Así pues, le pregunté si había entrado en el piso desde la muerte de su abuelo.
—No tengo las llaves —contestó—. Y el conserje dice que la policía le ha dado órdenes estrictas de no dejar pasar a nadie. No sé si me dejarían subir. ¿Por qué?
—Por nada —dije—. Sólo curiosidad. ¿Hará esas llamadas?
—Inmediatamente.
Pasadas las ocho me presenté en el edificio de Abel Cornejo. El conserje me era desconocido, como supongo que yo lo sería para él. Aunque parecía tener un carácter tan imperioso como el de Astrid, hice votos por que no tuviera que quitarlo de en medio con una inyección en el hombro.
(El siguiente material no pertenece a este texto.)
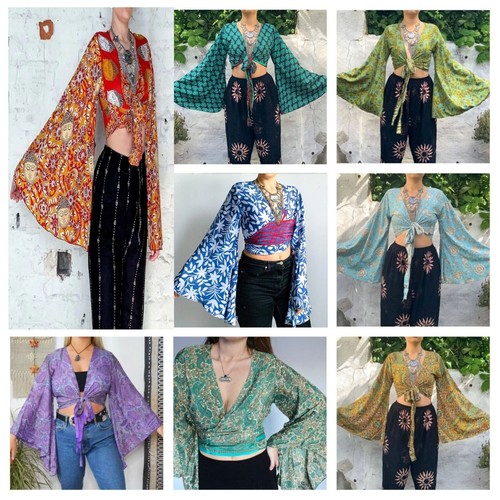 Silk green wrap top - silk,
Había llevado la pistola de las jeringuillas, aunque no la tenía a mano. La había guardado en el maletín, junto con las herramientas de ladrón, un par de guantes de goma y mis enormes Puma. Para variar me había puesto unos zapatos negros de puntera perforada y cordones. Eran pesados, tenían suela de cuero y no resultaban muy cómodos, pero iban mejor que los Weejun o las Puma con el fúnebre traje de tres botones y la corbata de luto que llevaba.
—Soy el padre Rhodenbarr. Vengo a ver a la señora Pomerance, del 10-J —dije—. Me está esperando.